— И столь премерзостно сотворил вышереченный рыцарь, — гласил далее пергамент, — что мерзостней того и сотворить невозможно, понеже в ночь успения Пресвятой Владычицы нашей Богородицы, веселясь на пире буйном и богопротивном, господин тот Бертран рек: «Погибелью души моей клянусь! Жизни вечной не бывает и в жизнь оную не верю нисколько, а коли она есть, так я, хоть бы и душу за то отдать Сатане, ворочусь через триста лет с сего дня в замок мой, дабы веселиться и пировать, и в том поклясться и побожиться готов!» Как говорилось далее в послании, эти дерзкие слова столь понравились прочим сотрапезникам, что все они тоже дали клятву встретиться ровно через триста лет, в такой же точно день и час в замке рыцаря Бертрана, за каковое деяние они объявлялись вероотступниками и безбожниками.
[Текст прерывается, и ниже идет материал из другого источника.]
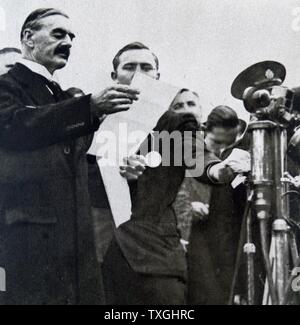 Stampa fotografica di Primo Ministro Neville Chamberlain (1869-1940) la lettura del suo e di Adolf Hitler risoluzione congiunta "mai di andare in guerra con un altro ancora". Datata 1938 Foto Stock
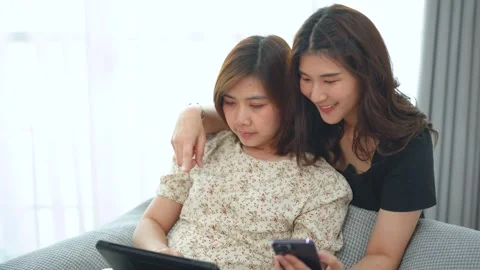 Two young women sitting on couch using digital tablet and smartphone for br.. Video stock 342781681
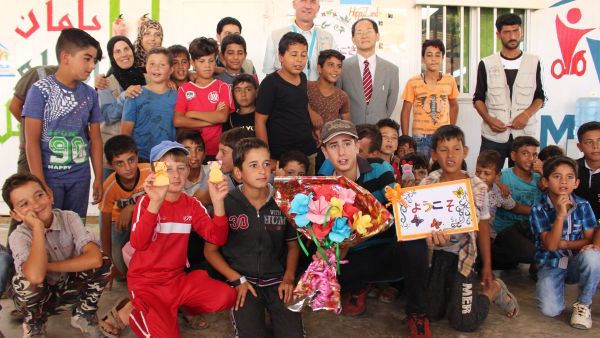 The paintings Ala did with her feet are displayed outside the Mafraq Makani Centre. (Twitter)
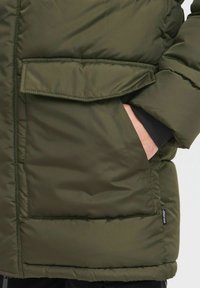 Tamnozelena jakna od puf materijala sa prešanom teksturom, bočnim džepom na zip, elastičnim manžetama, te oznakom brenda na donjem šavu.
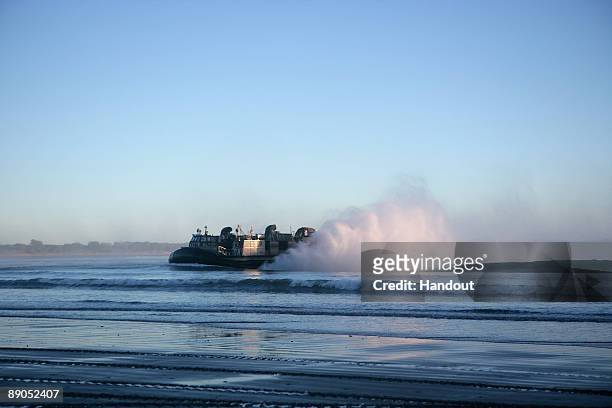 Navy Landing Craft Air Cushion unit approaches the beach to position themselves for the Talisman Saber 2009 joint exercise on July 15, 2009 on...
Так как вскоре после произнесения столь ужасных слов рыцарь Бертран был найден «удавленным, сиречь удушенным» в своих доспехах, его тем самым уже не могло коснуться возмездие за совершенные преступления, но его поместья были взяты в казну, равно как и владения его доброй приятельницы госпожи Жанны де Рошегю, которая обвинялась — милая забавница! — еще и в том, что сгубила приора одного францисканского монастыря, воспользовавшись сперва его помощью для убийства своего супруга. То, как она умертвила этого недостойного священника, было чудовищно: она велела перерезать ему оба подколенка и бросить, искалеченного, в лесу Обербуа, «и на сие горестно было взирать, ибо вышереченный священник ползал и корчился прежалостно, доколе не умре с голоду в том лесу». В конце послания не заключалось ничего существенного, кроме того, что одному из наших предков повелевалось именем короля вступить во владение замками рыцаря Бертрана и госпожи Жанны. Когда командор дочитал, отец спросил его, в какой именно день мы приехали.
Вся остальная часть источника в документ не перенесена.